Reed still denies that he knew that the millions of dollars paid from him came from casino profits. There are publicly available e-mails that prove that is not so.

These days, Reed seems to be itching to get back into the spotlight and to re-establish his former role as a major player in Republican politics. For several years he’s been treading water for a bush-league outfit called the “Faith & Freedom Coalition” — one of those alleged “think tanks” that releases occasional press releases but doesn’t do much else besides give its staff enough of an appearance of institutional support to justify their occasional cable news appearances.

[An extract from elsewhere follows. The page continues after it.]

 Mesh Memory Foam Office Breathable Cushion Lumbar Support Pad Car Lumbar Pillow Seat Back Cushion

But yesterday, Reed made a bid for a return to credibility by signing on as a member of presumptive Republican nominee Donald Trump’s “Evangelical Executive Advisory Board.” Not just a plain, old advisory board, mind you, but an executive advisory board. Ooooh — executive!

Like his fellow Trump advisors — excuse me, I mean executive advisors — James Dobson and Richard Land, Reed seems to be hoping that basking in the cantaloupe-hued reflected glow of Donald Trump’s media spotlight will restore him to the prominence of his long-ago glory days. Just look at how the words “evangelical executive” and “Ralph Reed” appear together in all those news stories about Trump’s little panel. Doesn’t that confirm that Reed must be, officially, a leader in the evangelical community?

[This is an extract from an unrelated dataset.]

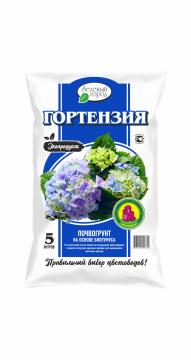 Почвогрунт на основе биогумуса "Гортензия" 5л (в уп-8шт) (Зеленый город)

That strange logic apparently convinced some producer at National Public Radio, where Reed was invited as a guest today on Morning Edition to serve as a spokesman for evangelical Christianity. He’s back, baby!

But that may be the wrong way to look at this. This may just be a reprise of the same impulse that drove Reed to work with Jack Abramoff in the early 2000s. It seemed then, at first, that Reed was a wanna-be power-player who sought out Abramoff because the lobbyist was just the kind of Beltway kingmaker Reed aspired to be. But it turned out that Abramoff was running a scam and Reed teamed up with him because he wanted a piece of that action. Maybe that’s what’s drawing Reed to get involved with the Donald Trump campaign as well.

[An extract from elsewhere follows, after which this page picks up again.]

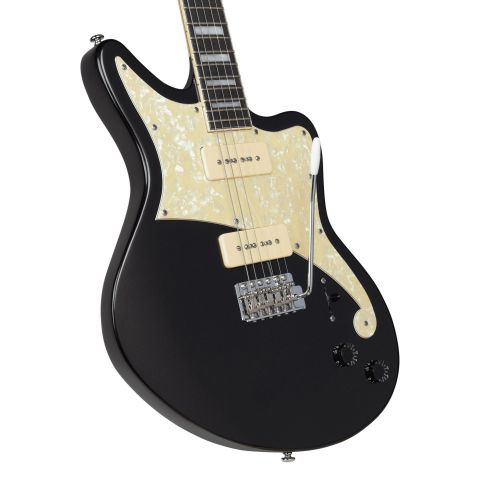 D'Angelico Premier Bedford Black Flake Guitarra Eléctrica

Like Reed, Trump has a history of enriching himself by shutting down casinos. Now he’s running for president — sort of. The structure and finances of his campaign operation don’t look like those of any legitimate national campaign that anyone has ever seen. A big chunk of his campaign funds are going to his own businesses, his family members, and even himself. The rest, apparently, is being spent on hats — and on shadowy, no-one-can-figure-out-what-they-do operations like Draper Sterling (a fake agency named after a fictional agency). So maybe Ralph Reed, yet again, has sniffed out a lucrative new scam, figured out a role he could play in its operation, and signed up for his cut of the take.

He made millions the last time around, while avoiding prison, so why shouldn’t he try it again?

In any case, Ralph Reed’s enthusiastic support for Donald Trump proves that his former claims of moral opposition to casino gambling were a dishonest sham. But then we already knew that.